_Problem details_
Only the lines from the start of the data below through the line that contains "Men Autumn and" are to be copied, exactly and without pictures.

_Records for the exercise_
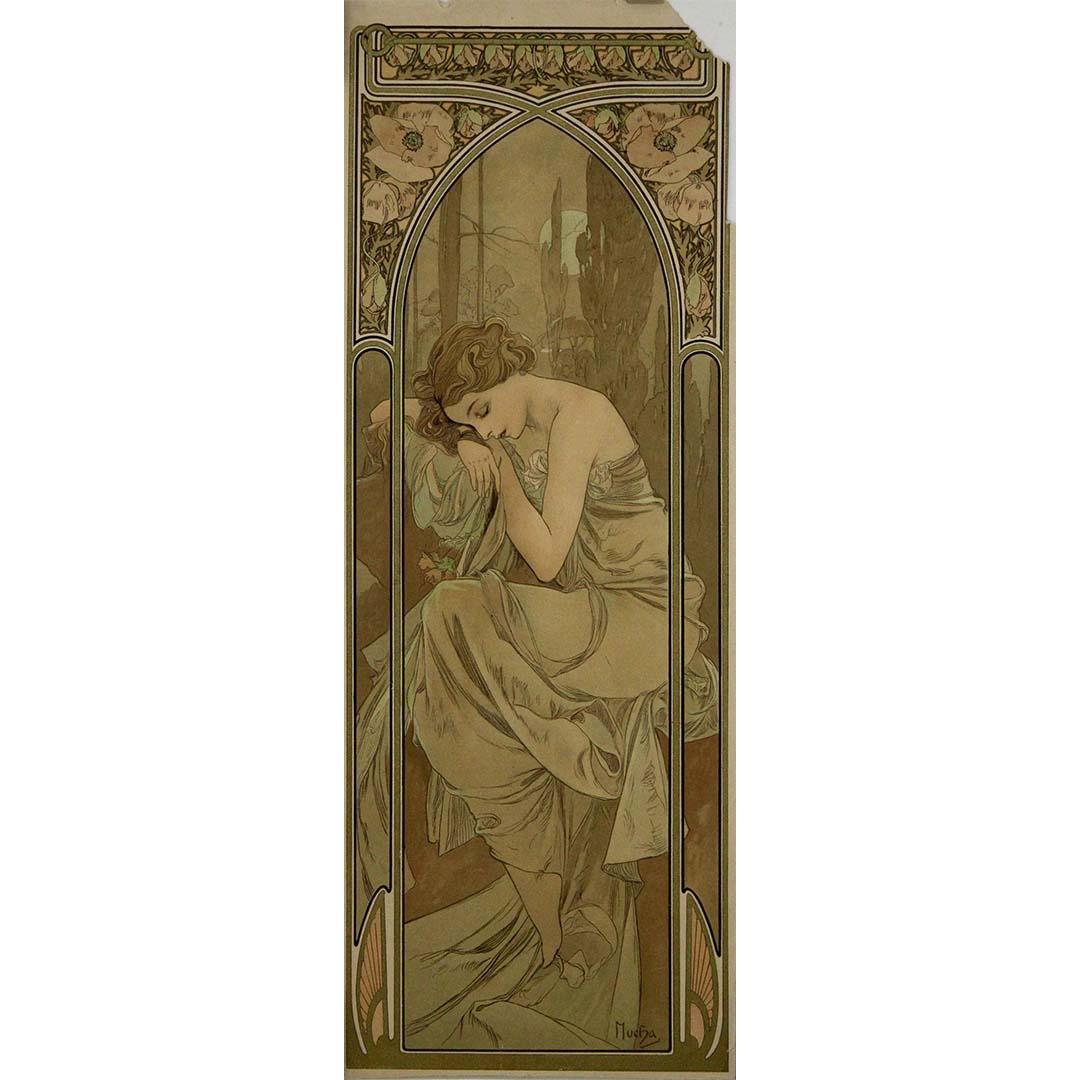 This delicate and poetic image, titled "Repos de la Nuit" (Rest of the Night), is an 1899 original color lithograph by Alphonse Mucha, one of the most iconic figures of the Art Nouveau movement. It belongs to a celebrated series representing the
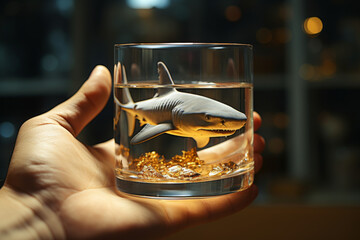 shark in glass of water, AI generated
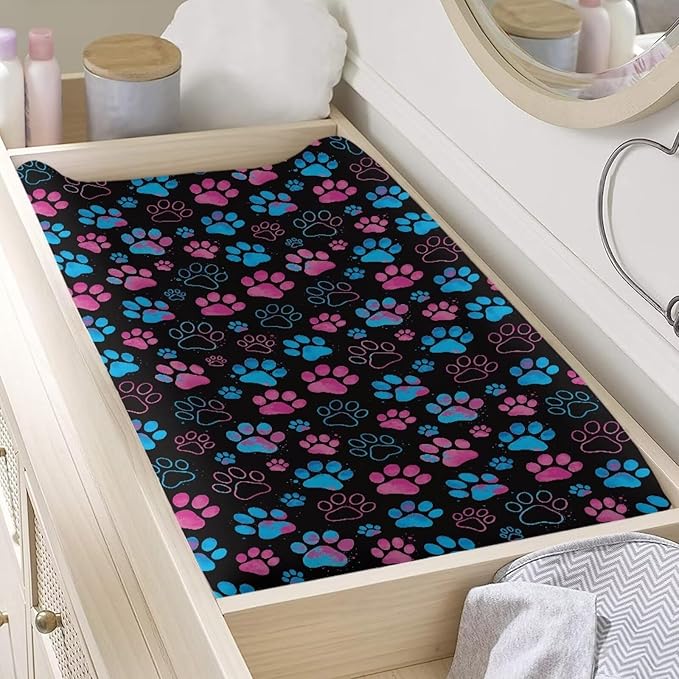 Paw Print Changing Pad Cover for Baby Cute Baby Diaper Change Table Pad Covers Soft Cradle Mattress Sheets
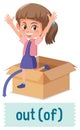 Preposition of place with cartoon girl and a box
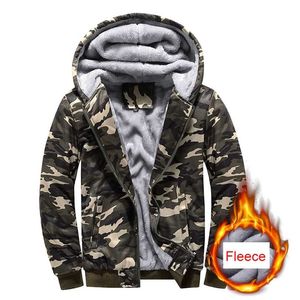 Men Autumn and Winter Outdoor Warm Fleece Casual Hooded Jacket Fashion Parka Thick Cotton Classic 5Xl 211217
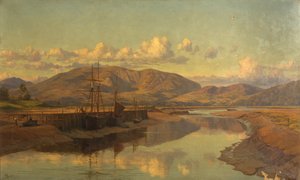 Old Wigtown Quay and Cairnsmuir, c.1890 （油彩・キャンバス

_Exercise answer_
 This delicate and poetic image, titled "Repos de la Nuit" (Rest of the Night), is an 1899 original color lithograph by Alphonse Mucha, one of the most iconic figures of the Art Nouveau movement. It belongs to a celebrated series representing the
 shark in glass of water, AI generated
 Paw Print Changing Pad Cover for Baby Cute Baby Diaper Change Table Pad Covers Soft Cradle Mattress Sheets
 Preposition of place with cartoon girl and a box
 Men Autumn and Winter Outdoor Warm Fleece Casual Hooded Jacket Fashion Parka Thick Cotton Classic 5Xl 211217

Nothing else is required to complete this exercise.